*** Begin section ***

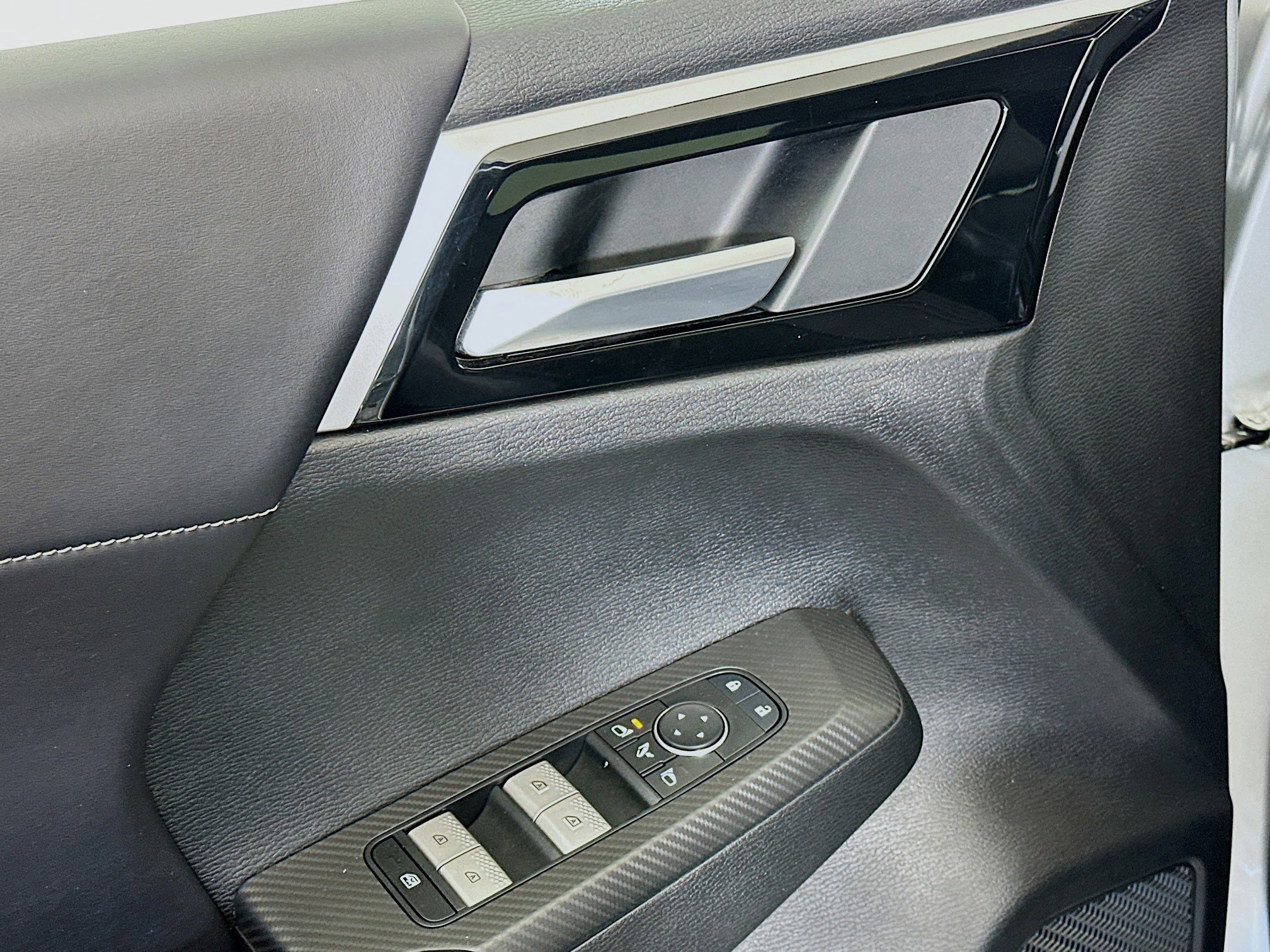 Used 2024 Mitsubishi Outlander SE Black Edition image 15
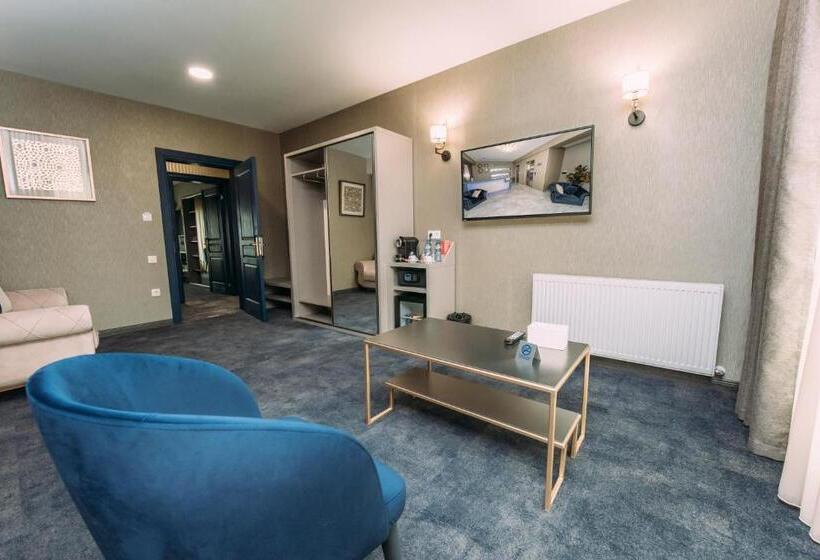 سوییت سوپریور, Sapphire Bakuriani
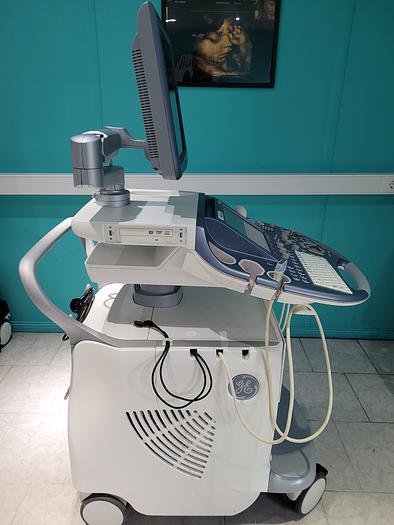 Gebraucht GE Voluson E8 BT13.5 Ultraschallgerät mit drei Sonden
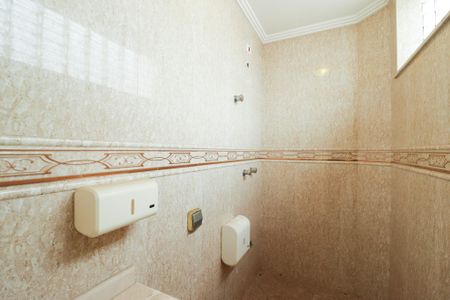 Casa à venda com 900m², 4 quartos e 12 vagasBanheiro do Salão 3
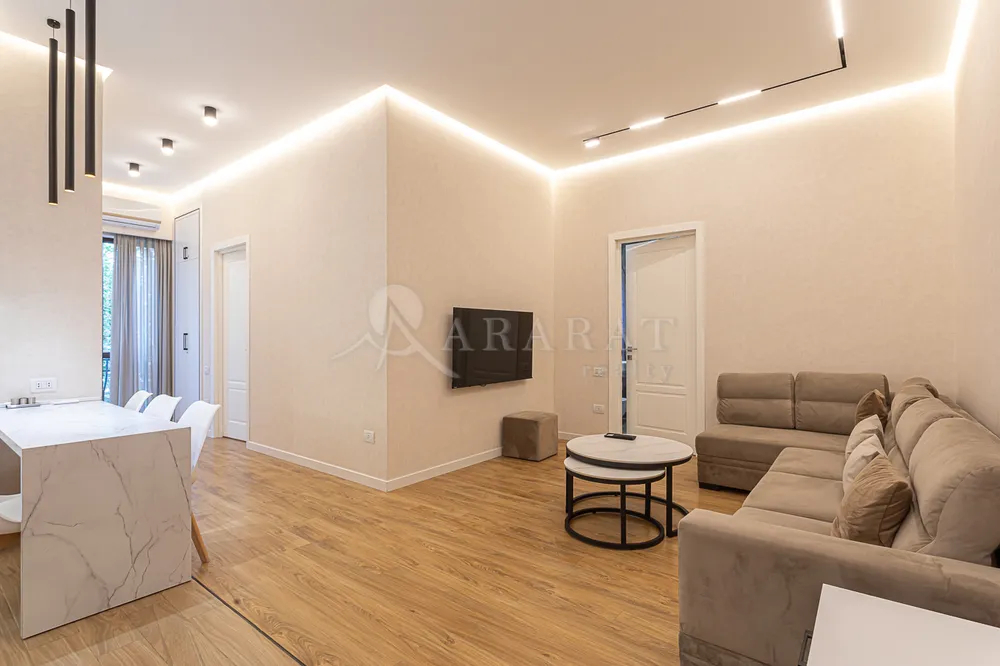 bnakaran/3-senyakanoc/Aram+St/Center/Yerevan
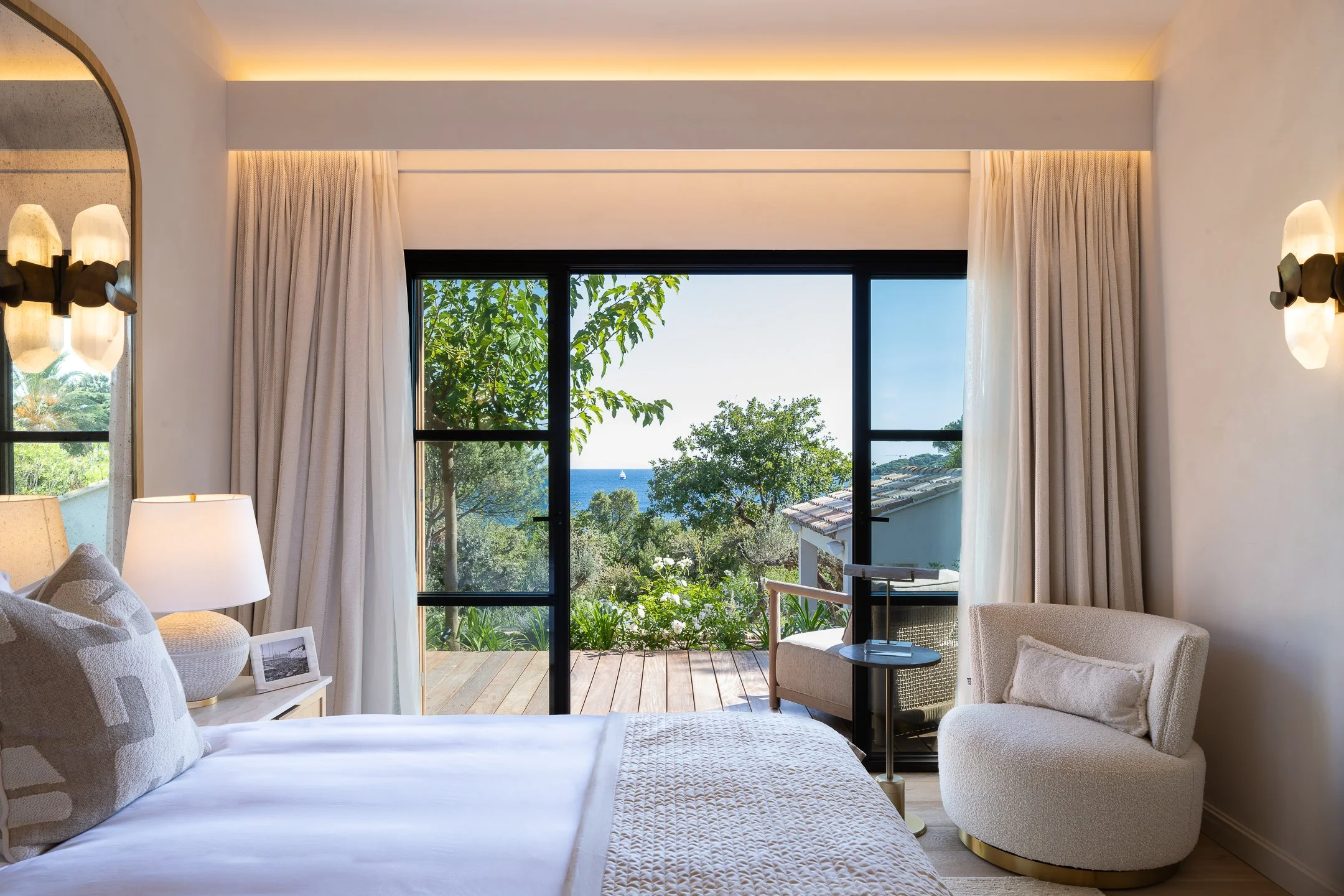 interieur Villa Blue Sky Saint -Tropez Eric Santos 2025 -- 002.jpg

*** End section ***

◆ How to complete this task: Inclusive range, exact copy: the line containing "سوییت سوپریور, Sapphire Bakuriani" through the last line of the listing. Print nothing else, and no pictures.

◆ The answer:
 سوییت سوپریور, Sapphire Bakuriani
 Gebraucht GE Voluson E8 BT13.5 Ultraschallgerät mit drei Sonden
 Casa à venda com 900m², 4 quartos e 12 vagasBanheiro do Salão 3
 bnakaran/3-senyakanoc/Aram+St/Center/Yerevan
 interieur Villa Blue Sky Saint -Tropez Eric Santos 2025 -- 002.jpg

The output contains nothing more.